= Somalal Shah =

Indian painter (1905–1994)

Somalal Shah (14 February 1905 – 1994) was an Indian painter and art teacher. Born in Kapadvanj and educated in Bombay and Calcutta, he spent three decades painting and teaching art in Bhavnagar in Saurashtra, Gujarat.

==Early life==
Shah was born to a shopkeeper Chunilal and Jekorben on 14 February 1905 in Kapadvanj, Gujarat, India. He studied briefly at Gujarat College in Ahmedabad in 1925 and Kalavant Karkhana in Baroda. He joined Sir J. J. School of Art, Bombay in 1926 but left for Ahmedabad after a year. He studied under Pramod Chattopadyaya from 1926 to 1928. He further studied at Indian Society of Oriental Art, Calcutta established by Abanindranath Tagore where he studied under Kshitindranath Majumdar.

==Career==
On Ravishankar Raval's advice, he joined Dakshinamurti, an educational institute established by Nanabhai Bhatt, as an arts teacher. Dakshinamurti published a portfolio of fifteen paintings titled Rang Rekha in 1934–35. In Bhavnagar State, the royal family of Bhavnagar became his patron. Dakshinamurti moved out of Bhavnagar in 1939. So Somalal taught briefly at Kumarshala and Gharshala until 1943. He joined Alfred High School in 1944 on request of the royals of Bhavnagar state. He taught arts there for two decades. He retired in 1960 and moved to Ahmedabad.

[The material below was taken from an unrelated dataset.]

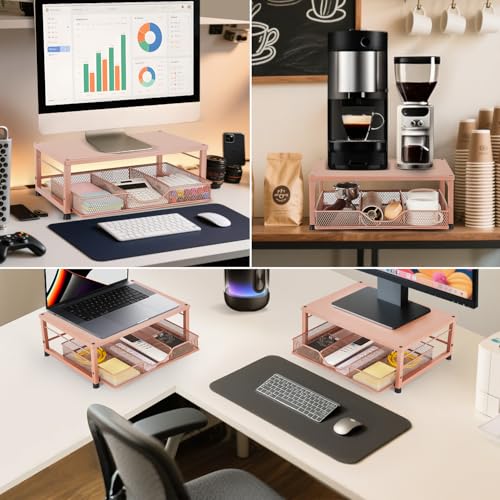 Small Laptop Stand for Desk, Monitor Stand Riser, Office Desk Accessories, Computer Desktop Stand with Drawer for Home, Office, School (Bronze) - color: Bronze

He died in 1994 in Ahmedabad.

==Style==
He attempted to use European techniques on Indian subjects. He also worked in styles of Indian miniature paintings and the Bengal revivalist movement. He avoided heavy oil colour strokes and muted sepia tones. As he studied in Culcutta, he was greatly influenced by Nandalal Bose and Abanindranath Tagore. He used a wash technique which later became his signature style. He lived in Saurashtra region of Gujarat for almost three decades where his works depicted the culture and people of the region. He also illustrated the book on the birds of Kutch and Saurashtra. His paintings were natural and realistic with great attention to the details. He was a fond of wash technique of painting.

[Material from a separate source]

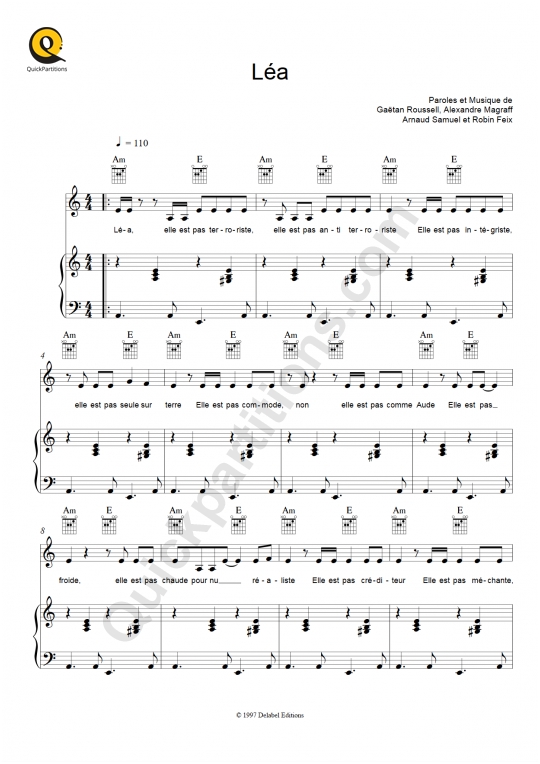 Partition piano Léa - Louise Attaque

Jyoti Bhatt and Khodidas Parmar were his students.

==Awards==
He was awarded the Ranjitram Suvarna Chandrak in 1949. In 1990, he received the Ravishankar Raval State Award for Arts by the Government of Gujarat. In 1988, Ahmedabad Municipal Corporation felicitated him. He was also the recipient of an award from the Gujarat Lalit Kala Akademi.